Thanks Cristeen. Hmn...I stir it to add in the starter but then leave it alone. I do stir the milk occasionally while it is heating and cooling to prevent a skim. Maybe that is it?

Not sure about the temp issue - it is a little hard for me to tell with this method but it is the best I can do now since my kitchen is cool, I don't have a gas stove anymore (boohoo) and my crock pot gets way to hot even on warm. Maybe the water is a little too hot in the bottle though.


----------



## mrs joe bubby (Mar 1, 2009)

Quote:


Originally Posted by *artemis33* 
Thanks Cristeen. Hmn...I stir it to add in the starter but then leave it alone. I do stir the milk occasionally while it is heating and cooling to prevent a skim. Maybe that is it?



I'm not Cristeen







but I really don't think that's doing it. As long as you're not actually stirring it after the starter is mixed in, like when I made my first batch. For some reason I felt the need to stir the batch every hour or so.
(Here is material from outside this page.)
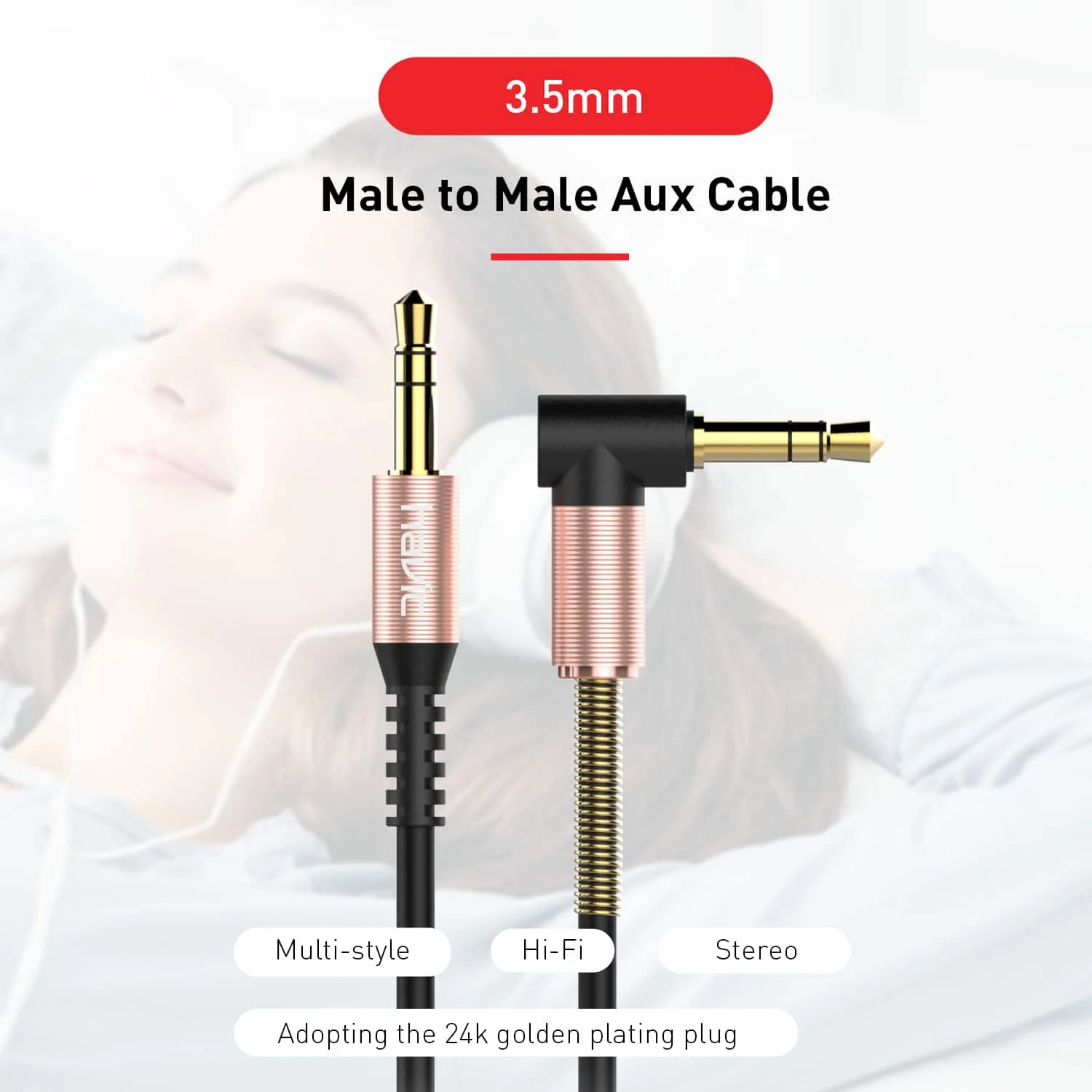HAVIT HV-CB619X 3.5mm Male Jack to Male Stereo Coiled Aux Cable - Image 5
Anyway, overheating can definitely do it. Also I wonder if you've ever tried to incubate for less time? 12 hours seem a bit long. (No offense....)


----------



## kkar (May 22, 2005)

Oh - I actually know this because we had the same problem when making yogurt with our raw milk too!!!

The fat content of your starter isn't meshing with the fat content in your raw milk. Try adding some powdered milk (we add about 1/4-1/2 c per 42oz of yogurt) after reaching temperature.


----------



## artemis33 (Jan 5, 2006)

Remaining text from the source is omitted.